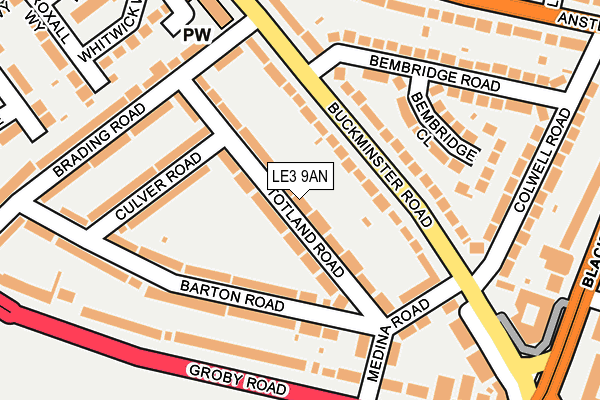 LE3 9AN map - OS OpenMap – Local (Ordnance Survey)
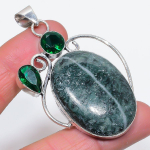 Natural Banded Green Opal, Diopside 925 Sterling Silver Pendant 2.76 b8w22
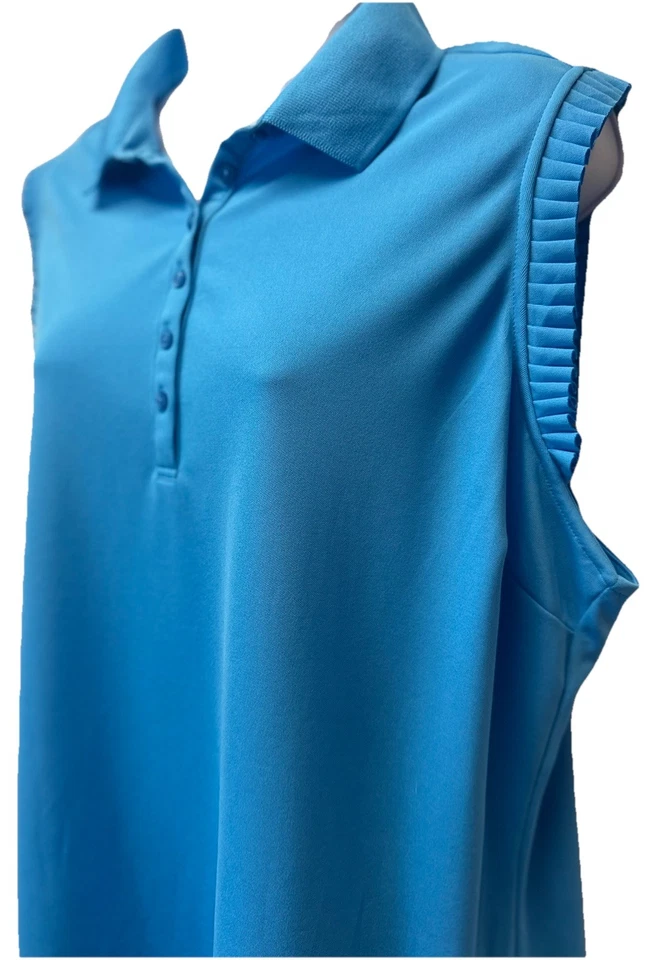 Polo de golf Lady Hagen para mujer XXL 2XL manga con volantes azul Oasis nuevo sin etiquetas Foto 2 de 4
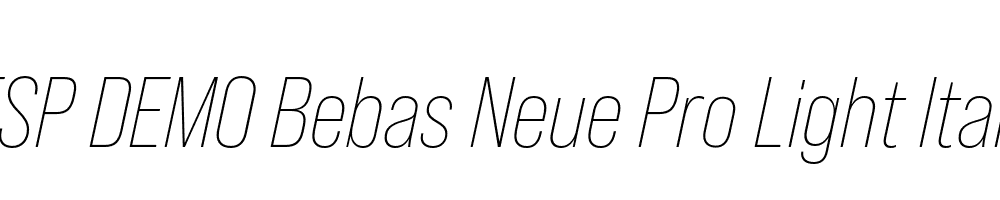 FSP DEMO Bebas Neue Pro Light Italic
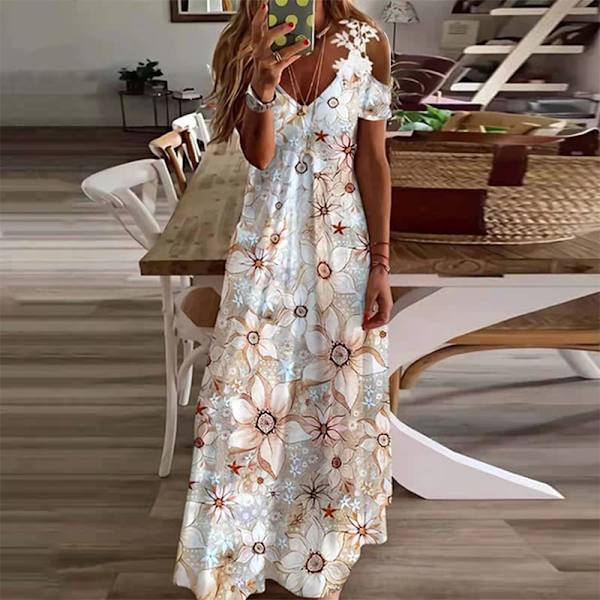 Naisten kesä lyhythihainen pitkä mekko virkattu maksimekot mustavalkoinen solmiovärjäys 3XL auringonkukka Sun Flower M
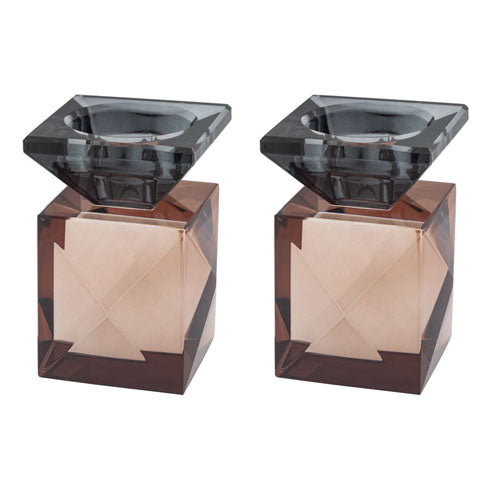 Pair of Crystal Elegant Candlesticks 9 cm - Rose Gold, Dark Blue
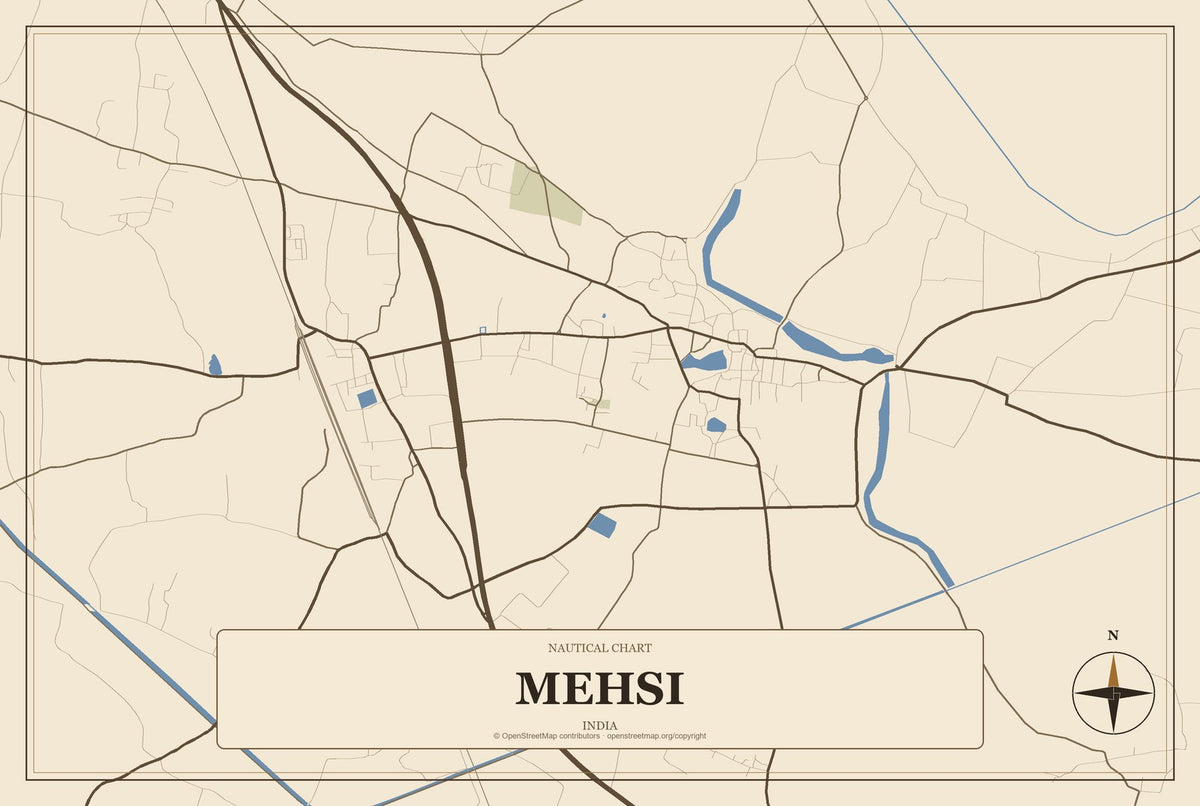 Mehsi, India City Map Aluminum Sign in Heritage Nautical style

## Task objective
All that is needed is the lines from the line holding "Pair of Crystal" to the final line of the listing above, repeated exactly, pictures excluded.

## Exercise result
 Pair of Crystal Elegant Candlesticks 9 cm - Rose Gold, Dark Blue
 Mehsi, India City Map Aluminum Sign in Heritage Nautical style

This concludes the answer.